Сценарий русского бунта, воплощенного в романе В. Шукшина «Я пришел дать вам волю», а также в привлеченной как сопоставительно-сравнительный материал «Истории Пугачева» А. Пушкина (для сопоставления использовались также исторические и философские источники), включает в себя несколько позиций.
Структура ролей сценария бунта предполагает наличие двух противоборствующих сил: с одной стороны, бунтующие; с другой – «владыки», «каратели». Изучение текстовых парадигм, включающих маркеры – номинации указанных выше сил – в социолингвистическом аспекте позволило выявить соответствующие ряды социальных ролей и статусов (роль как динамический аспект статуса). Так, предводитель бунта выполняет социальную роль заступника («надежи»), при этом имея статус «батьки» («отца»), «вожака» и даже «бога». Этот ряд ролевых и статусных маркеров дан с точки зрения народа и автора, во многом разделяющего взгляд бунтовщиков. Ряд характеризаторов с точки зрения владык указывает на «богоотступничество», «измену» и «злодейство» вожака бунта, С. Разина.

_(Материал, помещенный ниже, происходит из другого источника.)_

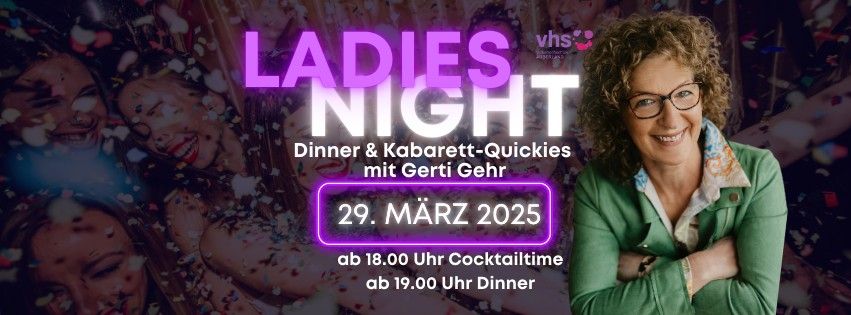 Ladies Night mit Gerti Gehr 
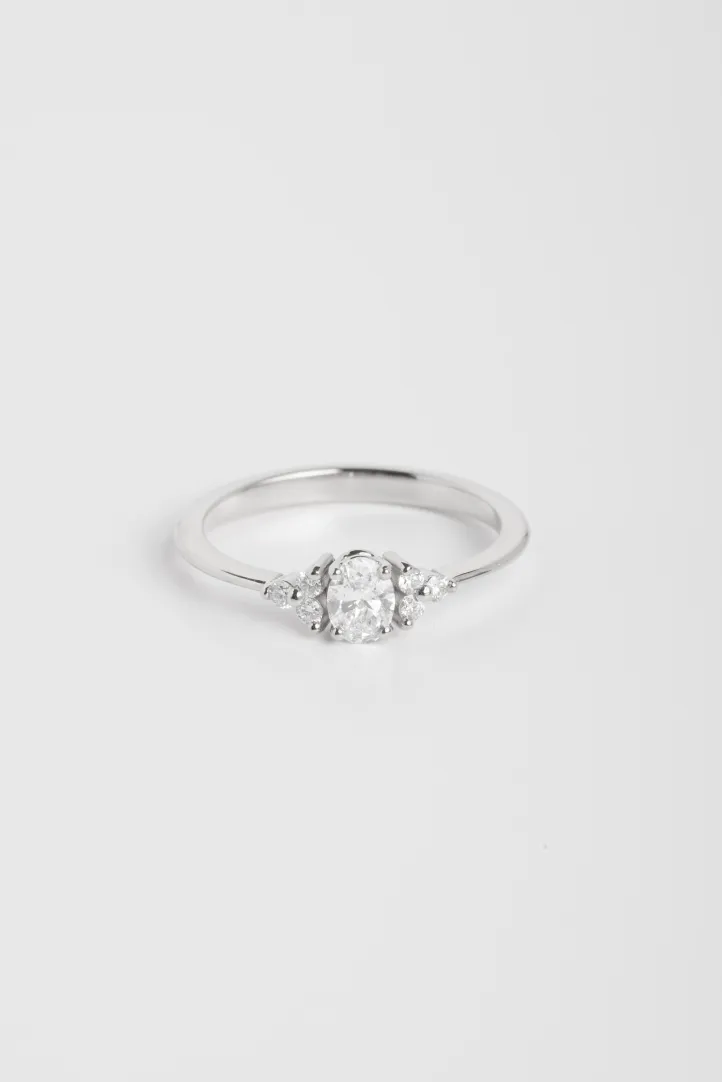 Bague Clara S en or blanc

Вожак действует в соответствии с социальными ожиданиями (экспектациями). Его появление закономерно в ситуации бунта, и фактор ожидания народом силы, личности, которая поведет за собой массы первозначим. Вождь – идеологическое производное народа, в то же время он должен обладать заданными свойствами характера и мышления: умением управлять войском, предприимчивостью, стремительностью, быстротой, молодечеством, дерзостью, решительностью, силой, безудержностью и др., а также соответствующим речевым поведением – кратким, энергичным, воздействующим словом. Вообще же, заметим, это свойства русского национального характера.